Dans cet assemblage hétéroclite se mêlent présent et passé, noir et blanc et couleur, des images tournées en Écosse ou glanées avec Élodie Imbeau et Sébastien Ronceray du collectif Braquage, dans un corpus de chutes de bobines de films érotiques. Cette sculpture de matériaux recyclés constitue un monde mental et terriblement charnel à la fois. Le corps des images fascine le cinéaste qui rejoue, teinté de grand-guignol, le choc séminal du Chien andalou de Luis Buñuel et Salvador Dalí en nous contraignant à la vision un œil arraché de son orbite. Il s'agit pour le cinéaste alchimiste de transformer dans un grand chaudron de sorcière le monde et ses artifices en images, comme cette bande de VHS que la fille disparue déroule sur la lande battue par les vents et que l'on pourrait bien confondre avec des algues. Excitant ou repoussant, le corps est un mystère insondable charriant organes autonomes et fluides débordants. Il est aussi le cœur de fantasmes de domination, comme ceux que la mère de la disparue accuse les hommes de l’île d’avoir sur elle et sa progéniture. Obsession incestueuse de cette génitrice sur sa fille qui lui ressemble comme une sœur jumelle.

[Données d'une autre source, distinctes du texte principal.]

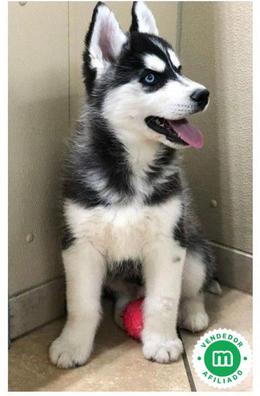 cachorros husky marrones y negros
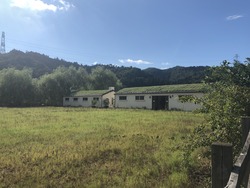 IMG_3351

Bertrand Mandico confie les deux rôles à sa muse Elina Löwensohn dont il célèbre la puissance de transformation et de dualité. À côté d’elle, dédoublée en deux figures, les hommes font pâle figure, visage dissimulés par le flou, cachés derrière un livre ou perdu sous l’épais masque de latex qui couvre la face du détective. En se perdant dans son enquête irrésolue, il finira par se dissoudre dans la chair de l’île.
Raphaëlle Pireyre
Réalisation et scénario : Bertrand Mandico. Image : Sébastien Ronceray. Montage et son : George Cragg. Musique originale : Scorpion Violent. Interprétation : Elina Löwensohn, Sergueï Ivanov et Tsz Man Chan. Production : Aka Productions.